From: Steven D'Aprano on
On Wed, 19 May 2010 22:58:22 +0200, superpollo wrote:

> In [266]: del(sum)


del is a statement, not a function, so the brackets are pointless. This
is like writing:

x = (1)

instead of

x = 1

`del sum` is all you need.



--
Steven
From: Steven D'Aprano on
On Wed, 19 May 2010 21:58:04 +0200, superpollo wrote:

> ... how many positive integers less than n have digits that sum up to m:
>
> In [197]: def prttn(m, n):

Does the name "prttn" mean anything? I'm afraid I keep reading it as a
mispelling of "print n".


[...]
> s = str(i)
> sum = 0
> for j in range(len(s)):
> sum += int(s[j])

Rather than iterating over an index j = 0, 1, 2, ... and then fetching
the jth character of the string, you can iterate over the characters
directly. So the inner loop is better written:

for c in s:
sum += int(c)




--
Steven
From: Richard Thomas on
For this kind of problem you should avoid all that stringification. I
find it best to deal with sequences of digits of a fixed length and go
from there. For example:

def count1(m, n, cache={}):
"""Number of digit sequences of length `n` summing to `m`."""
if n < 0 or m < 0:
return 0
elif n == 0:
return int(m == 0)
elif (m, n) in cache:
return cache[m, n]
# This is an optimisation using the combinatoric choose function.
#elif m < 10:
# result = choose(n + m - 1, n - 1)
else:
result = 0
for digit in xrange(min(10, m + 1)):
result += count1(m - digit, n - 1)
cache[m, n] = result
return result

Notice the caching of results.
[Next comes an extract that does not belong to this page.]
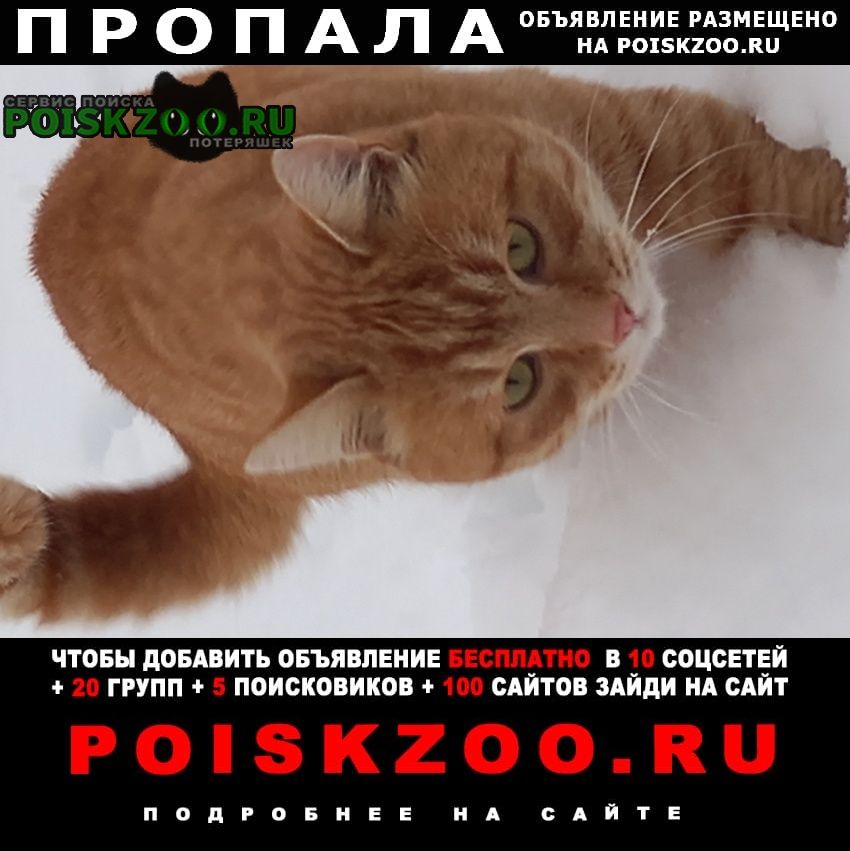 Пропал кот рыжий Жуковка Брянская обл.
With this we can compute the required
thing quite easily:

def count2(m, n):
"""Number of numbers less than `n` whose digits sum to `m`."""
result = 0
digits = map(int, str(n))
length = len(digits)
for idx, digit in enumerate(digits):
for seq_digit in xrange(digit):
seq_limit = m - seq_digit
seq_length = length - idx - 1
result += count1(seq_limit, seq_length)
m -= digit
return result

Essentially we move through the number left to right, choose digits
less than the digit in the number and count digit sequences to fill
the remainder. Then fix the actual digit and step forward.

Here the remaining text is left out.